Opening shots fired in 2012 Budget battle

Drinks trade bodies have fired the opening shots in the battle to convince the UK government to go easy on the industry in next month’s Budget.

The British Beer & Pub Association (BBPA) is demanding a freeze in the government’s controversial duty escalator to avoid, it claims, “the loss of 16,000 jobs”, while the Wine and Spirit Trade Association (WSTA) argues visitors to this year’s Olympic Games in London would pay significantly more for drinks than they would in other major European capitals.

In March 2008, then-chancellor Alistair Darling announced a four-year tax escalator whereby duty rates on alcohol would increase by 2% above the rate of inflation each year.

In March 2010, Darling announced that the escalator would remain in place for two further years, until 2014-15.

The BBPA says the government is “shooting itself in the foot” by clinging to the policy, with job losses likely to hit younger people working in pubs.

Beer tax hikes are set to reach 42% per cent since the Budget of March 2008, when the escalator policy was introduced by the previous government.

In a submission to the government, the BBPA makes clear the extent of the relationship between beer and pubs and the ramifications taxation can have for both industries.

A statement said: “With beer accounting for seven out of every 10 pub drinks sold, huge tax rises in beer have been shutting Britain’s much loved locals and costing jobs.

“With real incomes falling and VAT having already added six pence to a pint, the escalator is long past its sell-by date.”

According to latest figures, duty and VAT have now reached £1.05 per pint, a level of tax that the BBPA claims is totally unsustainable.

“At 12 times the beer duty level in Germany, Britain’s beer drinkers are now paying 40% of the entire EU duty bill, despite only drinking 13%,” continued the BBPA statement.

“As a result, beer sales have continued to fall, with the a drop of 3.4% in pub sales in 2011 – equivalent to 140 million pints, fuelling the current loss of pubs, which is still running at 16 per week.

By way of an alternative, the BBPA wants a growth strategy for pubs, which could secure 16,000 jobs over the next three years, mainly for young people, by tackling both tax and red tape in the sector.

BBPA chief executive Brigid Simmonds said: “We are facing a further, punitive tax rise of over 5% in the Budget, so action is needed now.

“We need policies that support pubs, and to put an end to these totally unsustainable tax rises.

“We need a tax policy that creates vital jobs for young people, at a time when this should be the government’s top priority.”

Meanwhile the WSTA is calling on the Treasury to “spare hard pressed businesses and consumers from another alcohol duty rise in this year’s Budget”.

A WSTA statement said: “The alcohol tax escalator threatens to deliver a 7.2% increase in March, even though duty and VAT already account for three quarters of the average price of a bottle of vodka and half the price of a bottle of wine.

“The rate of alcohol taxation in the UK is now so out of step with our European neighbours that visitors to the London Olympics will face paying 50% more for an average bottle of wine than if the Games were being held in Paris and triple what they would pay in Madrid.

“Pressure on the drinks industry is mounting, with the volume of UK alcohol sales falling by 3% in 2011.

“In pubs and restaurants, sales of wine dropped by 7% last year and spirits by 3%. Shops also reported a drop in sales of wine and spirits.”

WSTA interim chief executive Gavin Partington added: “We recognise the pressure there is on the public finances.

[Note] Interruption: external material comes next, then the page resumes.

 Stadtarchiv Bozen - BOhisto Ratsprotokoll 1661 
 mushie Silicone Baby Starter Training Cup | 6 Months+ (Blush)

However easing the duty burden on the drinks industry would boost growth and investment, helping the sector to play its part in the UK’s economic recovery.

“By scrapping the planned duty increase, the chancellor would also be providing some much needed relief to consumers whose household budgets are already being squeezed.

“With thousands of extra visitors heading to the UK for the Olympic Games, this is no time to force drinks prices up even further.”